Records contained in a dataset:
────
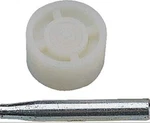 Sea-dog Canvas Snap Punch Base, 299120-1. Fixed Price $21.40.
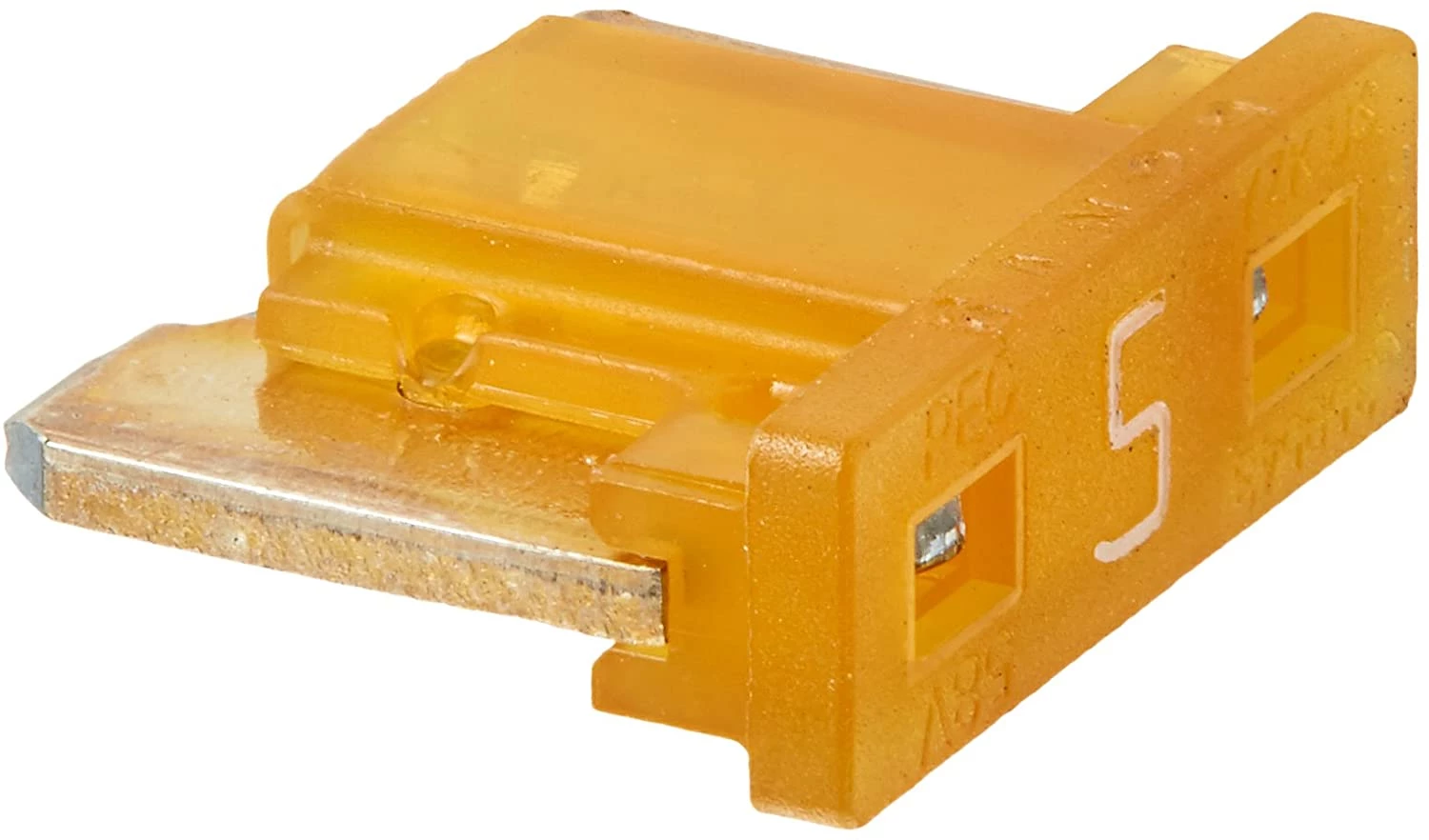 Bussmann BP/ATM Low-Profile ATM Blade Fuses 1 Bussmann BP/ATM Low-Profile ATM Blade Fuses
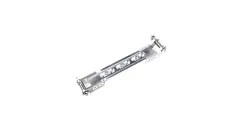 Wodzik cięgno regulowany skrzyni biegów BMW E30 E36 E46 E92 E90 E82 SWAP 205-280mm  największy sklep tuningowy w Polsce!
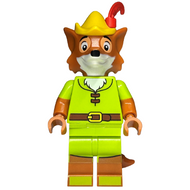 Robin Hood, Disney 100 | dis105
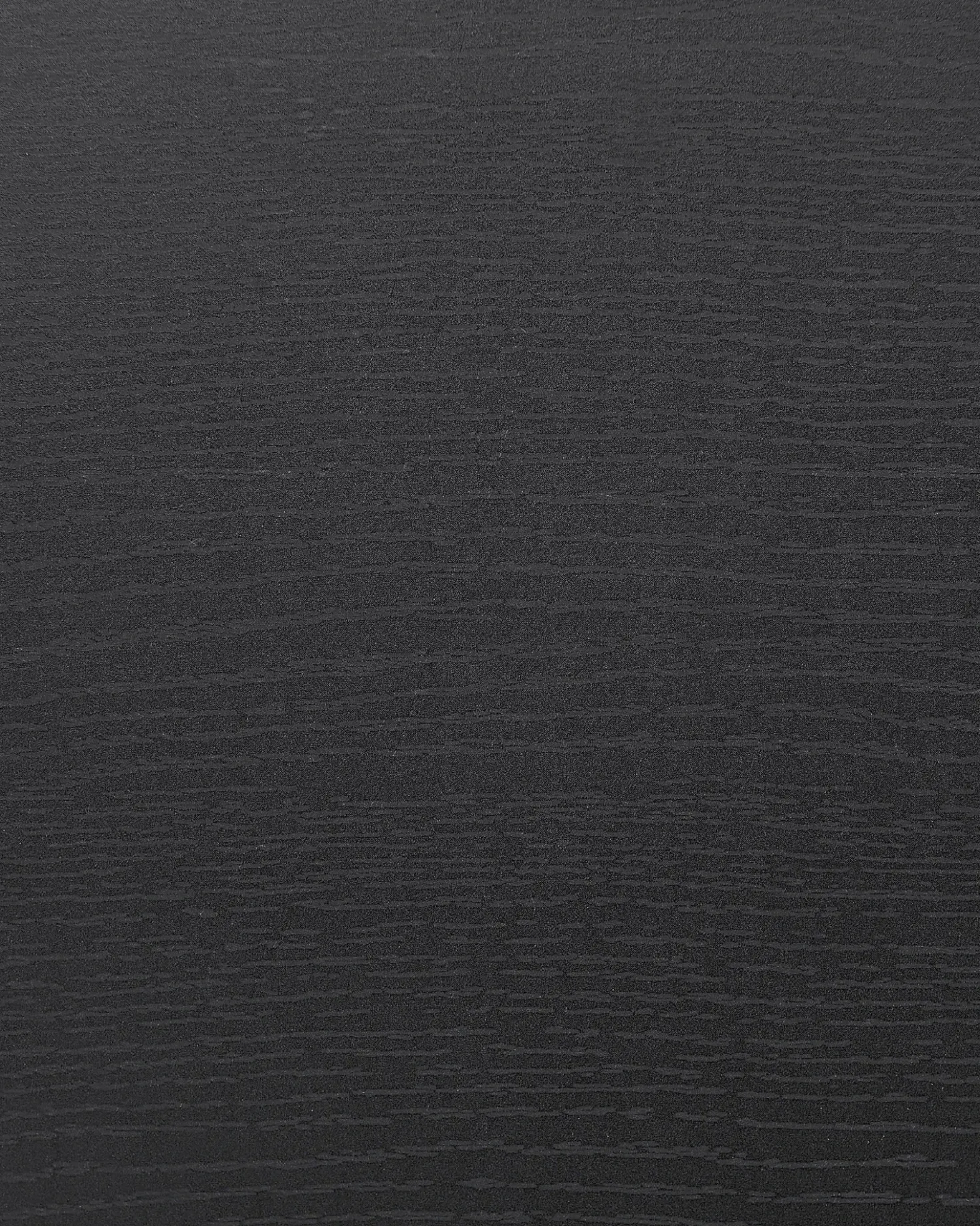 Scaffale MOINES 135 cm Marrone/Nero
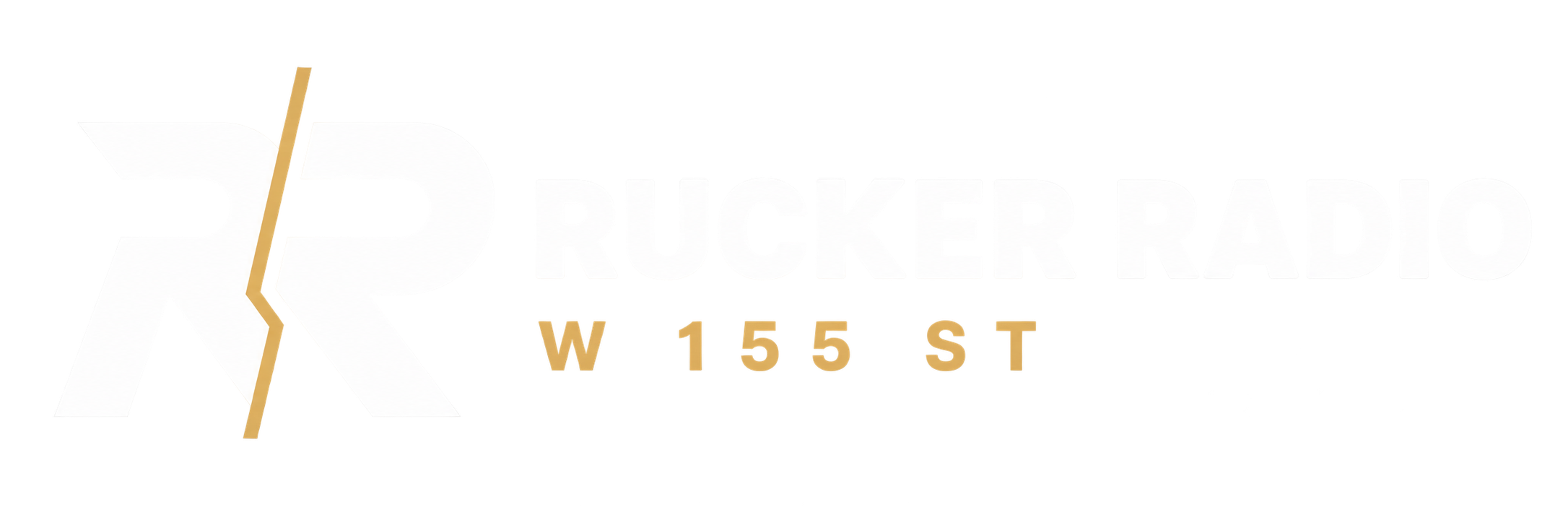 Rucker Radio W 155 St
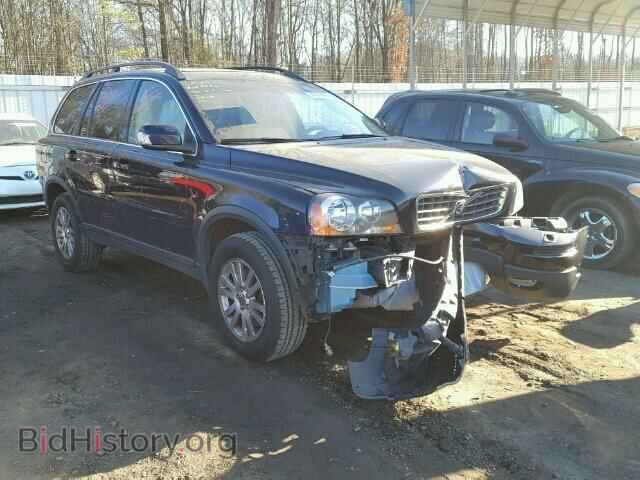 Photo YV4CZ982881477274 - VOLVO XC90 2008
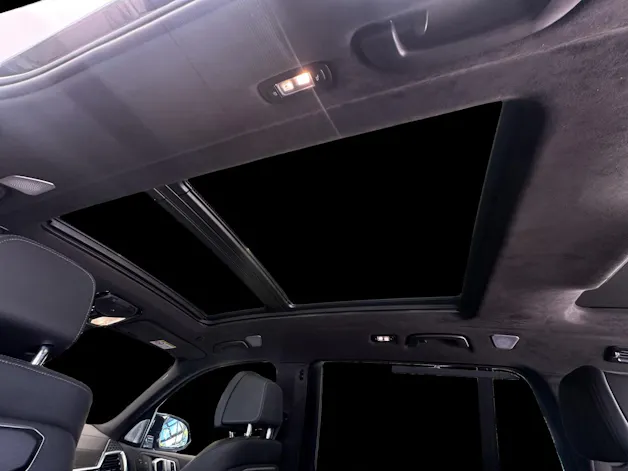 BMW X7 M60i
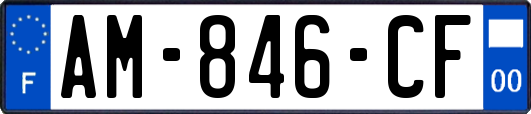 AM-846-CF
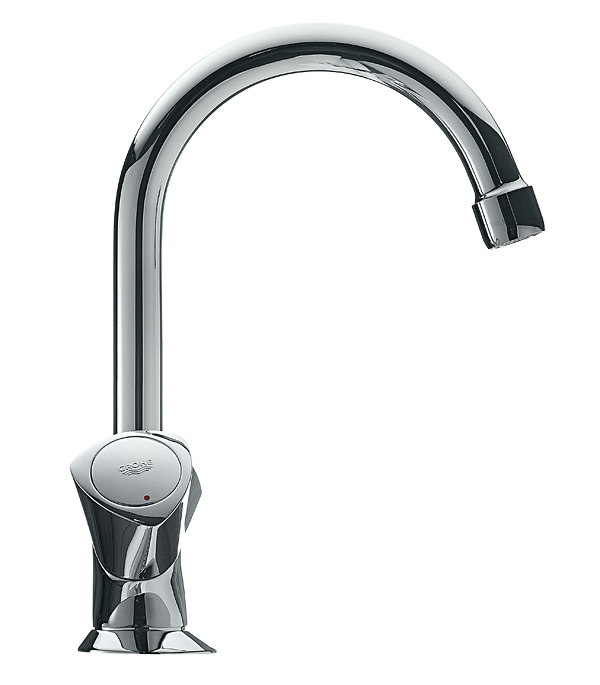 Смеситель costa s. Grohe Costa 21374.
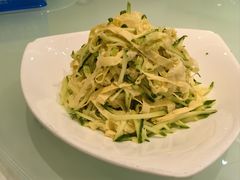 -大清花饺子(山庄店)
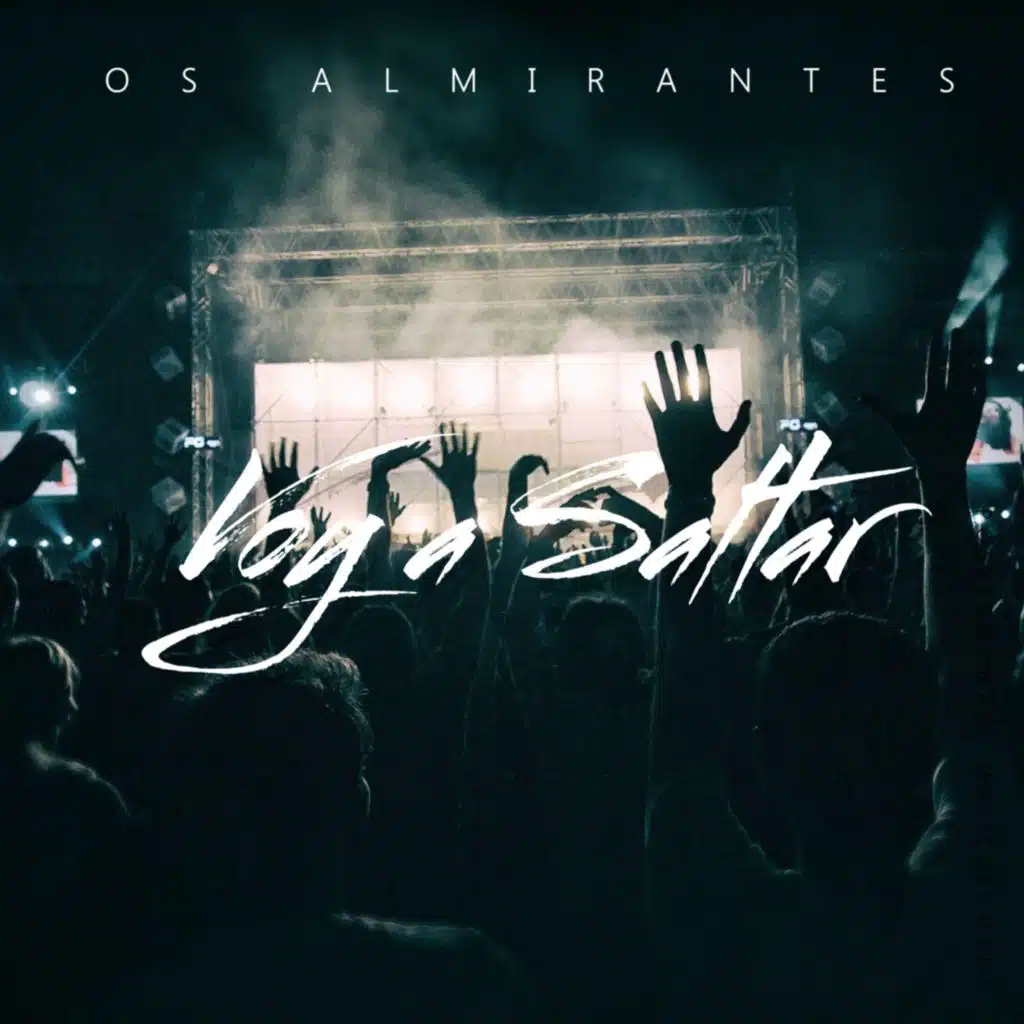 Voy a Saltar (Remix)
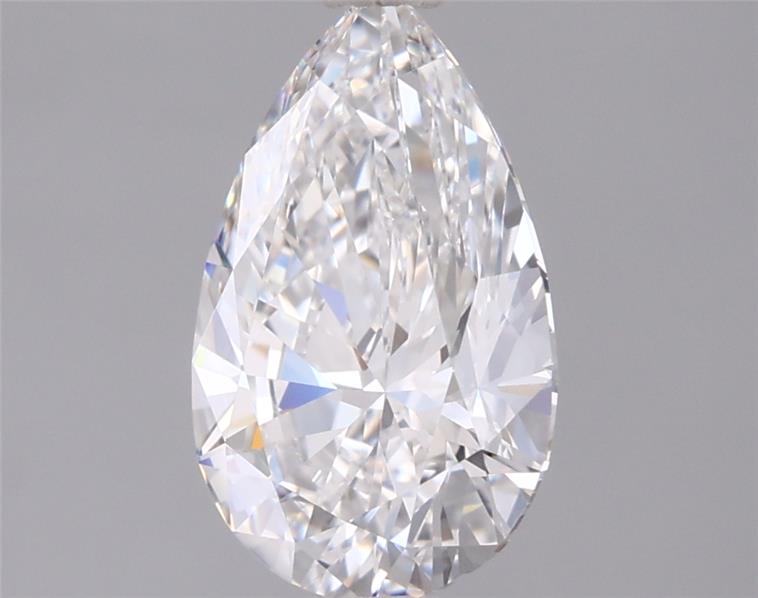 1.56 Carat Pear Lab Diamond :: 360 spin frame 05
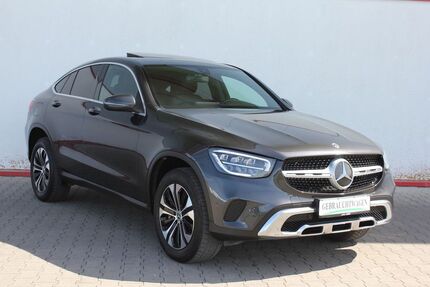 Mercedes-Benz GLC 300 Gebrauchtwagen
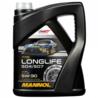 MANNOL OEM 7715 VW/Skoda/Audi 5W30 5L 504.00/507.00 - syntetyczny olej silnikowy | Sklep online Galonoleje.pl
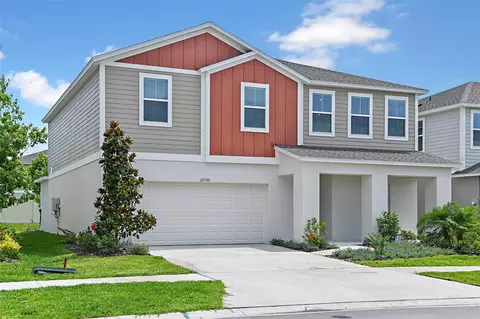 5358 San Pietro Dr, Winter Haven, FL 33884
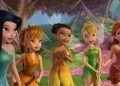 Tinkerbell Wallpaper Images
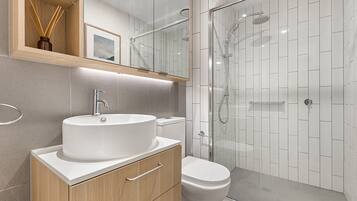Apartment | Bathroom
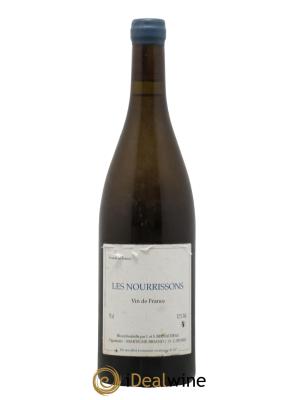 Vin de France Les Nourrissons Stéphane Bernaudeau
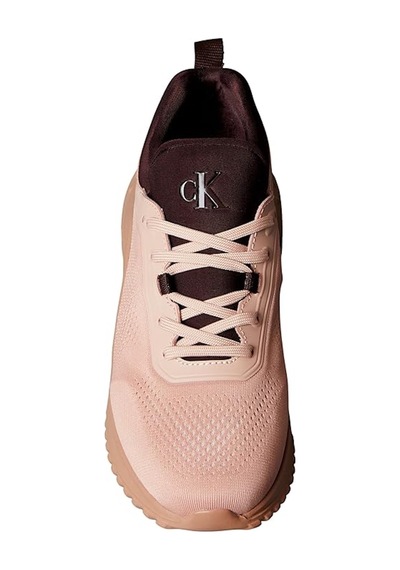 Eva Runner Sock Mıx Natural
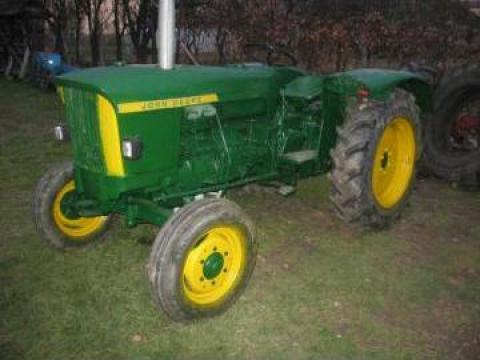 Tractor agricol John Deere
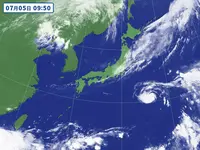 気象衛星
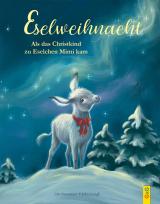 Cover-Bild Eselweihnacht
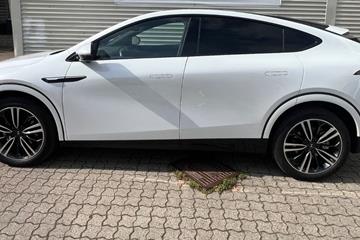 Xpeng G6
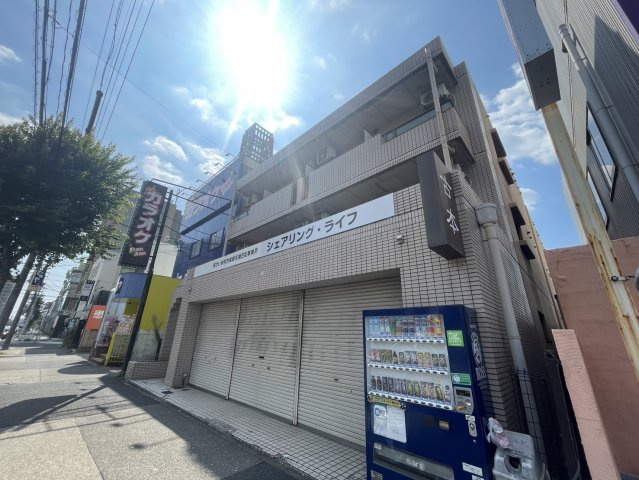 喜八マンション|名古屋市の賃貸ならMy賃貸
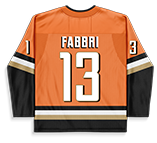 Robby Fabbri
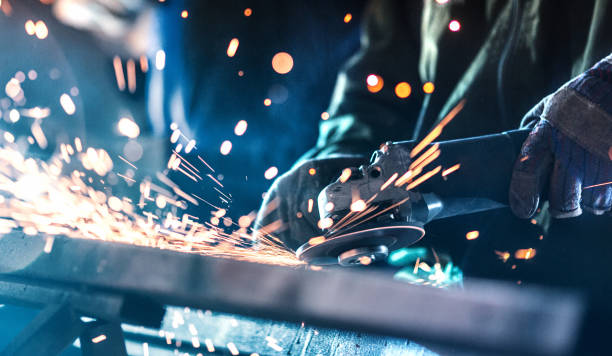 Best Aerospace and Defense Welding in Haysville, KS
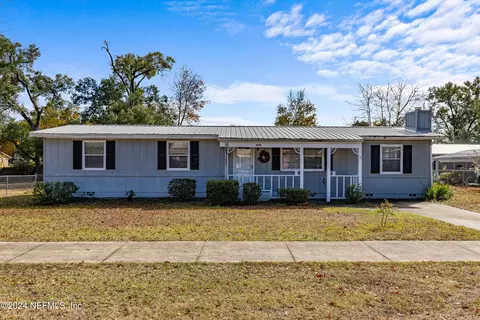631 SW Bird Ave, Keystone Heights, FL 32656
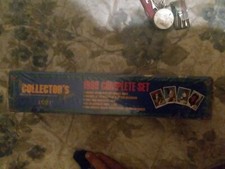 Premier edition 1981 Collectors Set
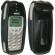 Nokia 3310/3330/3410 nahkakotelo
────
Copy out, exactly and without pictures, each line from the one containing "Vin de France" through the final line of the entries, both ends included.

 Vin de France Les Nourrissons Stéphane Bernaudeau
 Eva Runner Sock Mıx Natural
 Tractor agricol John Deere
 気象衛星
 Cover-Bild Eselweihnacht
 Xpeng G6
 喜八マンション|名古屋市の賃貸ならMy賃貸
 Robby Fabbri
 Best Aerospace and Defense Welding in Haysville, KS
631 SW Bird Ave, Keystone Heights, FL 32656
 Premier edition 1981 Collectors Set
 Nokia 3310/3330/3410 nahkakotelo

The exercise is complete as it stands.